Necropsy will show macroscopic pathology ranging from enlarged ventral and cervical lymph nodes to encapsulated abscesses filled with a thick yellow/white purulent exudate. Associated pathology found in other organ systems involved may include bronchopneumonia, otitis media, pleuritis, peritonitis, and pericarditis. Infection may vary from an acute fatal septicemia to a chronic suppurative process in the lymph nodes, thoracic and abdominal viscera, uterus, and ears.
Microscopic evidence of pneumonia, pleuritis, myocarditis, pericarditis, and peritonitis, otitis media, nephritis, arthritis, and cellulitis will be seen characterized by necrotizing suppurative inflammation or fibrinosuppurative inflammation.

Wry Neck

This condition affects only newborn guinea pigs in which they have a degree of torticollis and may be found lying on their backs to suckle due to their inability to maintain a suitable head posture. This condition is hereditary.

Epilepsy

Guinea pig epileptic fits usually last for 3 to 4 mins where there will be heavy salivation and twitching of limbs. Polyphagia and aggression can be seen post-fit. Commonly the frequency of fits will increase with age.
Guinea pigs also have fits that are not true epileptiform convulsions and are often secondary to another disease.
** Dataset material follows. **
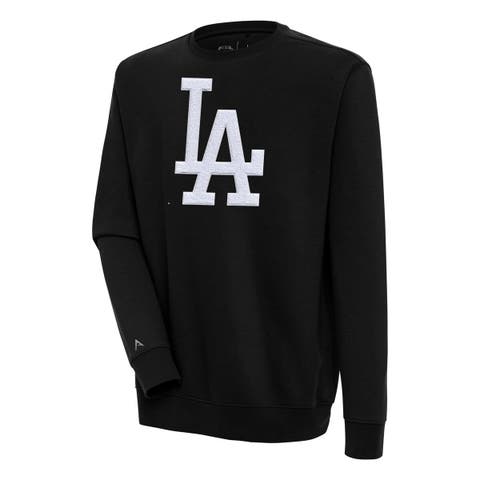 Men's Antigua  Black Los Angeles Dodgers Victory Crewneck Chenille Pullover Sweatshirt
These can include liver and kidney failure, enterotoxaemia, ketosis and septicaemia.

Cerebellar Disease

Classical symptoms of this disease are circling movements, dystocia and nystagmus, although nystagmus is rare in guinea pigs. In most cases cerebellar disease is secondary to the above mentioned middle ear infection progressing to the inner ear. Most guinea pigs do not recover from this even with treatment.

Heatstroke

Although this can occur in outdoor guinea pigs exposed to direct sunlight, heavily pregnant females are the most susceptible especially if they have been deprived of water. This can be a problem during transportation or during problems with laboratory infrastructures such as air conditioning.